* Action item:
Copy exactly the lines from the one containing "Iphone Fake Camera" through the last line of the records below, including both, and leave out any pictures.
Segment Start: Records shown
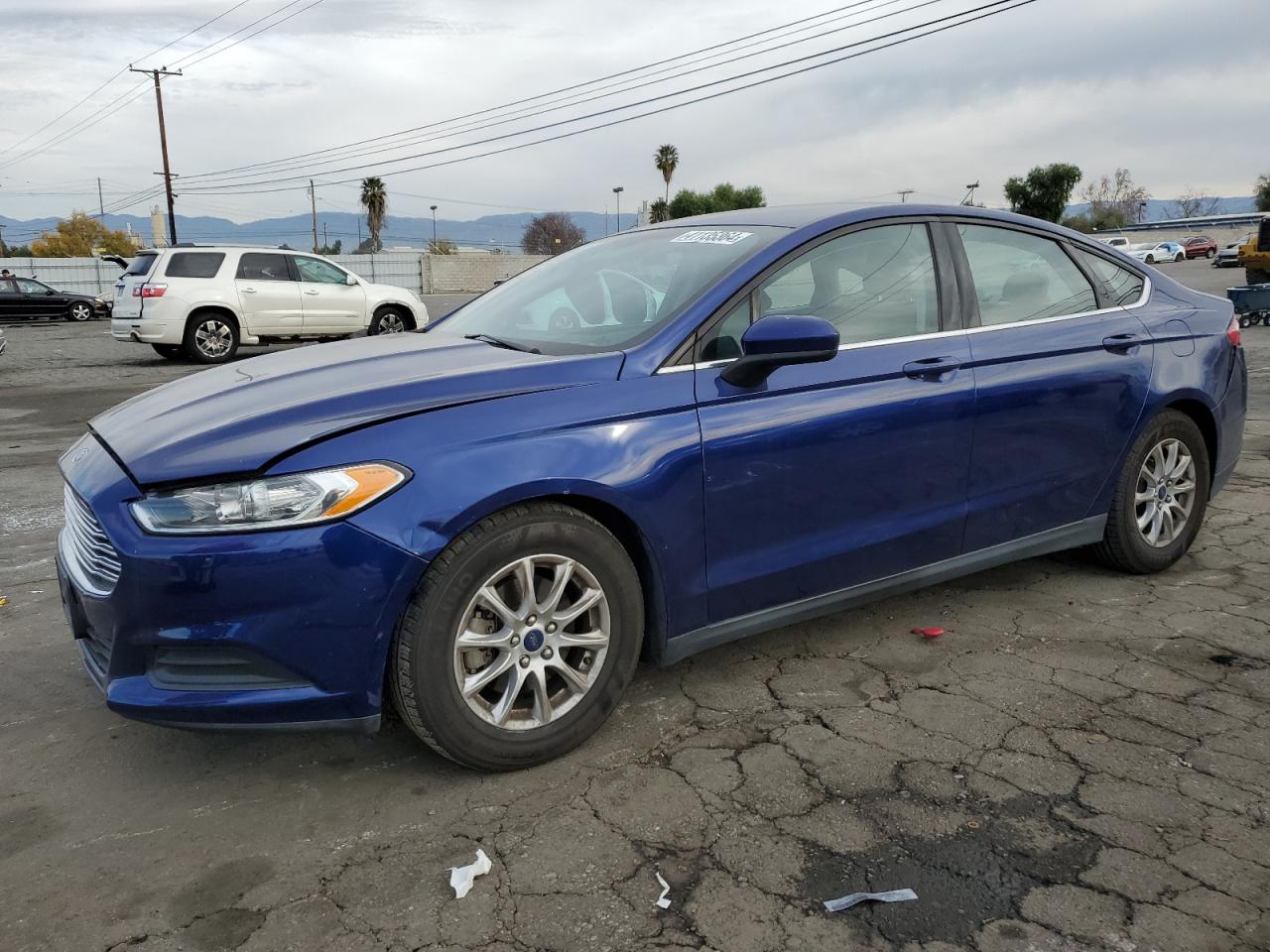 FORD FUSION 2016 3fa6p0g73gr342258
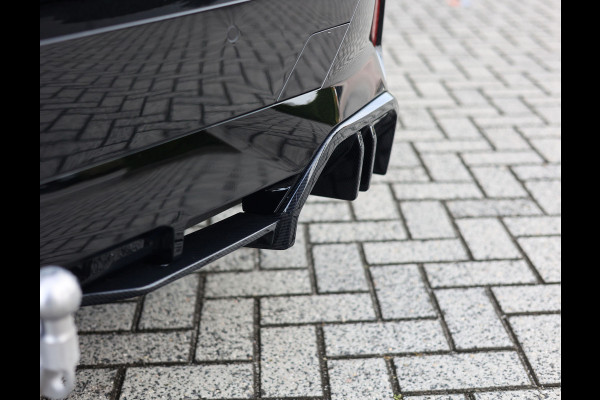 BMW 5 Serie Touring 530e | M Performance - Trekhaak - Harman/Kardon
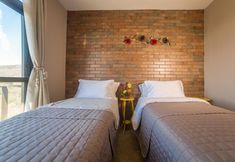 其他 4 Nativos de Minas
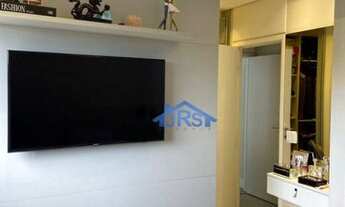 Imagem 5: Apartamento com 2 dormitórios à venda, 81 m² por R$ 1.100.000 - Green Valley - Barueri/SP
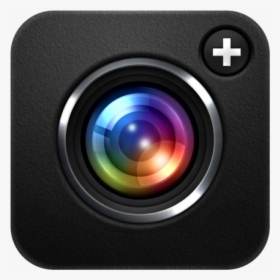 Iphone Fake Camera App, HD Png Download, Free Download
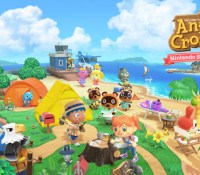 Animal Crossing New Horizons Switch 2 Edition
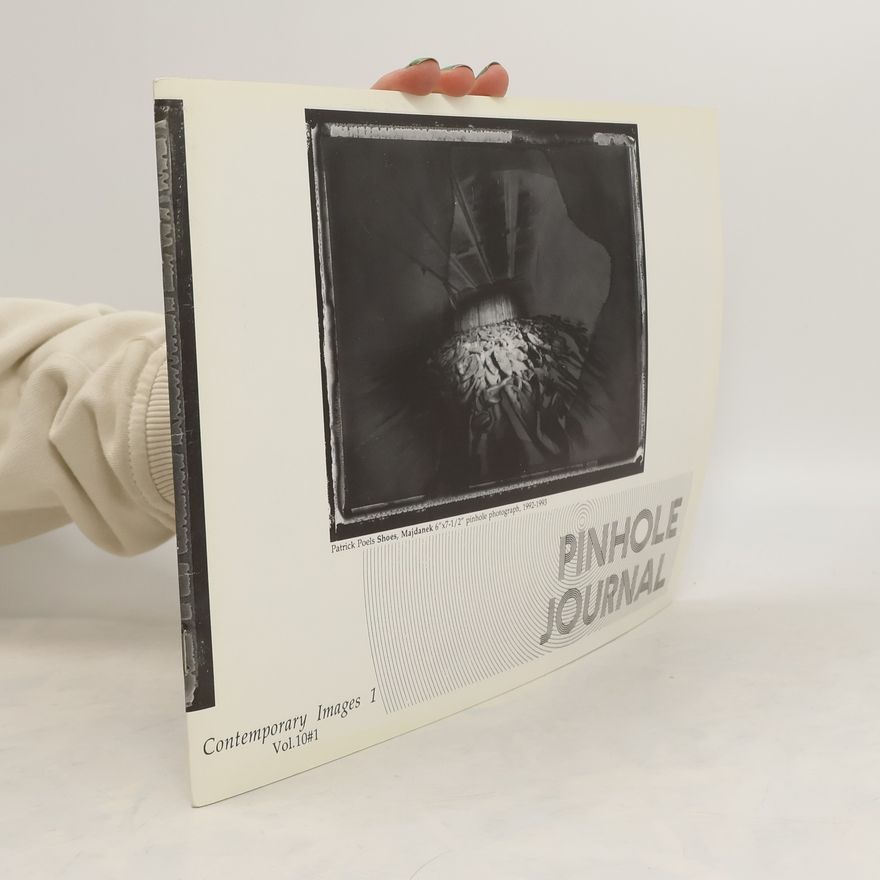 Autorenkollektiv Pinhole Journal 10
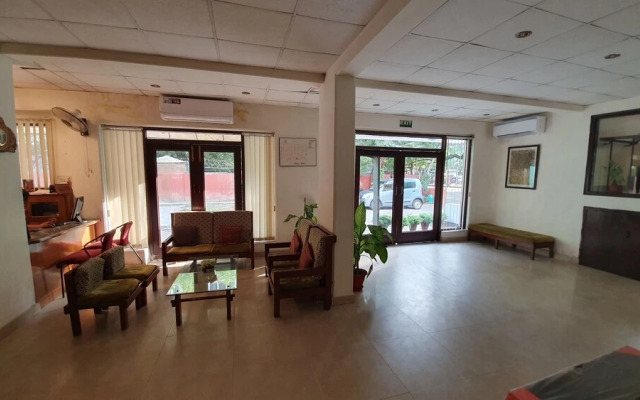 YWCA International Guest House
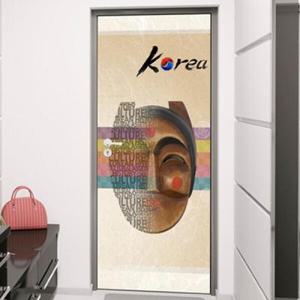 아트박스/낭만창고 nces018-한국의멋2 하회탈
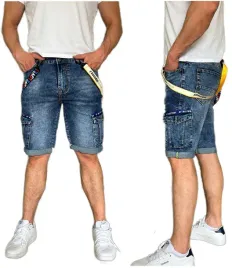 meskie-krotkie-spodenki-bojowki-jeansowe-na-gumie-szelki-5231n-r-38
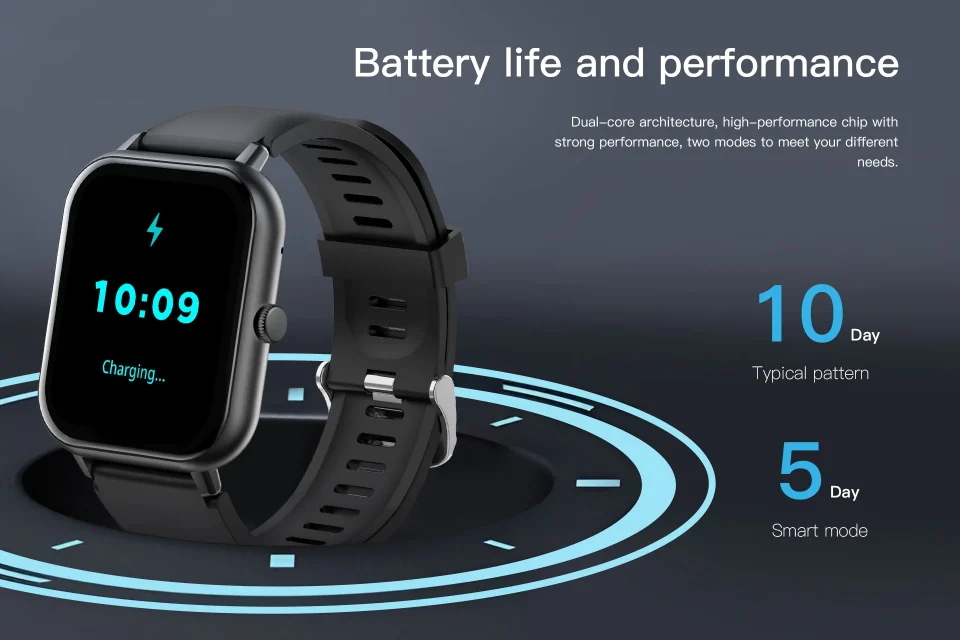 peje smartwatch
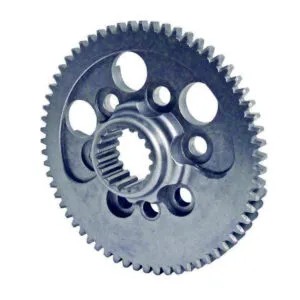 Wheel Front Aftermarket Shop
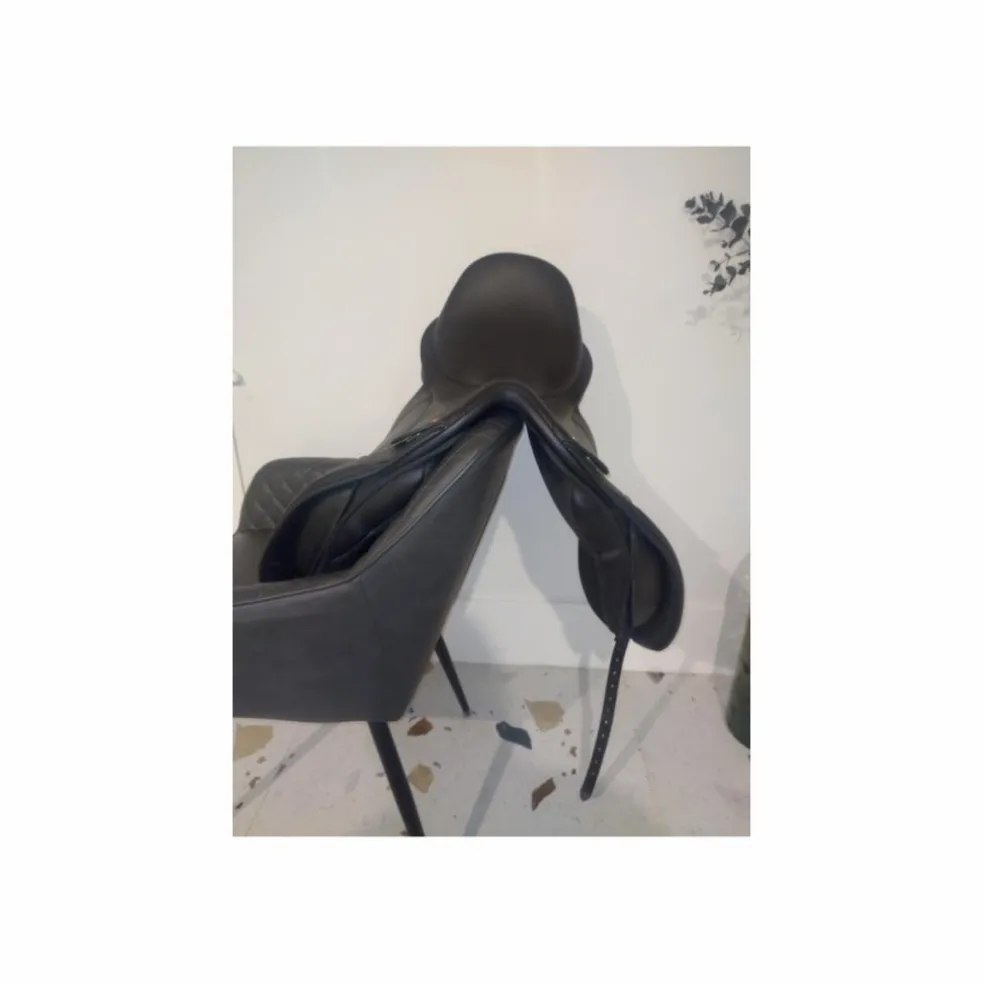 Selle thorowgood dressage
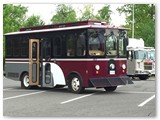 Virginia Regional Transit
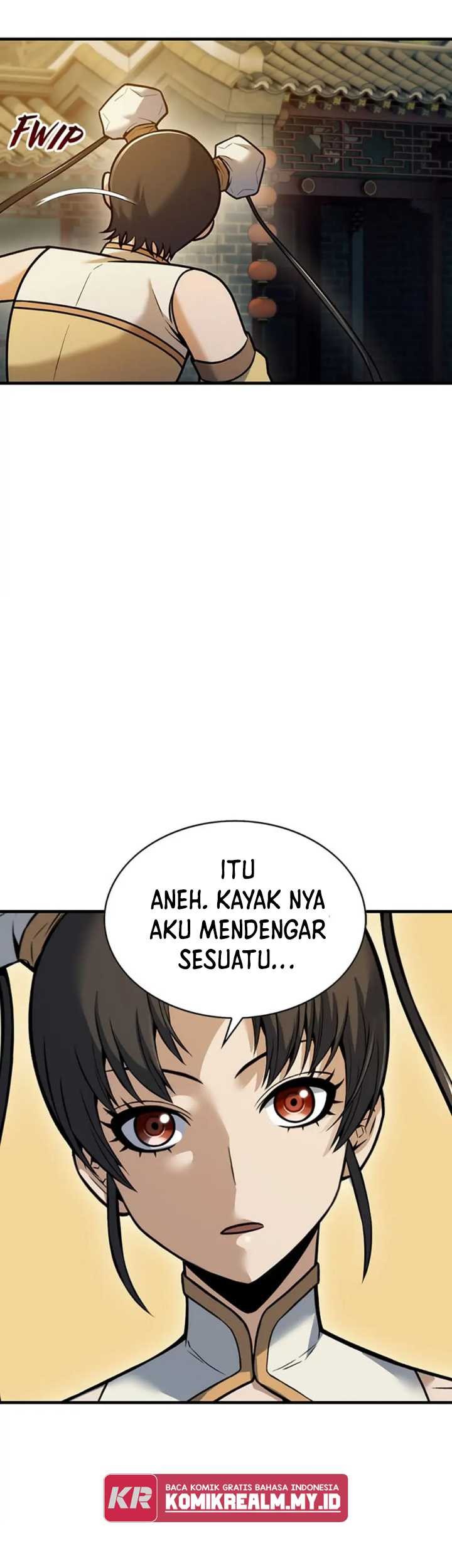 The Star Of A Supreme Ruler Chapter 63 Gambar 58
Segment End: Records shown
* Answer for this exercise:
 Iphone Fake Camera App, HD Png Download, Free Download
 Animal Crossing New Horizons Switch 2 Edition
 Autorenkollektiv Pinhole Journal 10
 YWCA International Guest House
 아트박스/낭만창고 nces018-한국의멋2 하회탈
 meskie-krotkie-spodenki-bojowki-jeansowe-na-gumie-szelki-5231n-r-38
 peje smartwatch
 Wheel Front Aftermarket Shop
 Selle thorowgood dressage
 Virginia Regional Transit
 The Star Of A Supreme Ruler Chapter 63 Gambar 58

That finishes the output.